ALBANY – Commemorating the events of Juneteenth, the Black Theatre Troupe of Upstate New York (BTTUNY) will present a virtual reading of Celeste Bedford Walker’s searing historical drama, “Camp Logan.” 

The reading will air on June 19 at 5 p.m. and remain available for streaming through the June 22 at 10 p.m. For more information, visit

“Camp Logan” chronicles the story of six Black U.S. soldiers and the incidents leading to the tragic 1917 racially-charged riot in Houston, Texas that left dozens dead or wounded in the streets.  In the aftermath of what was deemed a mutiny by the military courts-martial, 19 Black soldiers were executed by hanging and 47 were sentenced to life in prison without parole. 

When the Third Battalion’s all Black Twenty-fourth United States Infantry Regiment was deployed in Houston, its soldiers were immediately confronted by the Jim Crow laws that governed life in Texas. White workers at the camp demanded separate drinking fountains, streetcars were segregated and the police openly harassed and used gun fire in several minor skirmishes with soldiers. The flash point came when the police humiliated and brutally beat a young Black woman and one of the unit’s soldiers. Plans to retaliate went into motion and days later, 156 armed Black soldiers marched into the Houston San Felipe neighborhood, where a battle with police resulted in the deaths of eleven civilians, five police officers and four Black soldiers.

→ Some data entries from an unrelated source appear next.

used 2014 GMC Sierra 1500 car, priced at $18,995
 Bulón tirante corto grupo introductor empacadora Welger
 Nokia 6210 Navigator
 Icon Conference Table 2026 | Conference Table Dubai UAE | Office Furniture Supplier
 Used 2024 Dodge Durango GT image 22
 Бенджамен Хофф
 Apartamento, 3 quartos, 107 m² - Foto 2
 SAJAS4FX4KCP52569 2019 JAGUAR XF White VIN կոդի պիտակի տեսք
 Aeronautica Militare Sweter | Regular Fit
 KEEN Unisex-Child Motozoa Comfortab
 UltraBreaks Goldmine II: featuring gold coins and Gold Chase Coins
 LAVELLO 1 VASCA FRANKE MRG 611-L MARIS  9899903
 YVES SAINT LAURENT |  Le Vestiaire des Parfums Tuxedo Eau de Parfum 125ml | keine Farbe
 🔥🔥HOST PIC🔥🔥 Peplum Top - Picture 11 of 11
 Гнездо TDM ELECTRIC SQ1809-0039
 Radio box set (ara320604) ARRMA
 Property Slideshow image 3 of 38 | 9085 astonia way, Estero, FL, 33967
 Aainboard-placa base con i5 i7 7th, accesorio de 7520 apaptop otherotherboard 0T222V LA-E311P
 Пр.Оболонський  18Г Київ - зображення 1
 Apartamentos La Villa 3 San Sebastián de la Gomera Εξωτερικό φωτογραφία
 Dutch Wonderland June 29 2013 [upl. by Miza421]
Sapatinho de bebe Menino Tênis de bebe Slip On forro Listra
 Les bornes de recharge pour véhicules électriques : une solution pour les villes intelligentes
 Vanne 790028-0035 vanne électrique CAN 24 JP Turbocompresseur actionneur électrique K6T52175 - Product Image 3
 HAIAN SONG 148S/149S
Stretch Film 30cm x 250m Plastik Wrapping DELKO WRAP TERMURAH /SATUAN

The cast includes Preston Edmunds as Joe Moses; Emmett Ferris as Sgt. McKinney; Donald “The Soul Man” Hyman as Jacques “Bugaloosa” Honore; John Johnson as Charles Hardin; Aileem Penn as Robert Franciscus; Majestic Tillman as Gweely Brown; Brian Toal as Captain Zuelke; and Evan Jones as Townsman and Stage Directions.

“It’s very powerful and I think we can really get very involved in this story because the playwright, Celeste Bedford Walker, helps us see the events through the lives of these regular people, who are like us in many ways,” BTTUNY artistic director, Jean-Remy Monnay, said. “It’s much, much more than a history lesson.”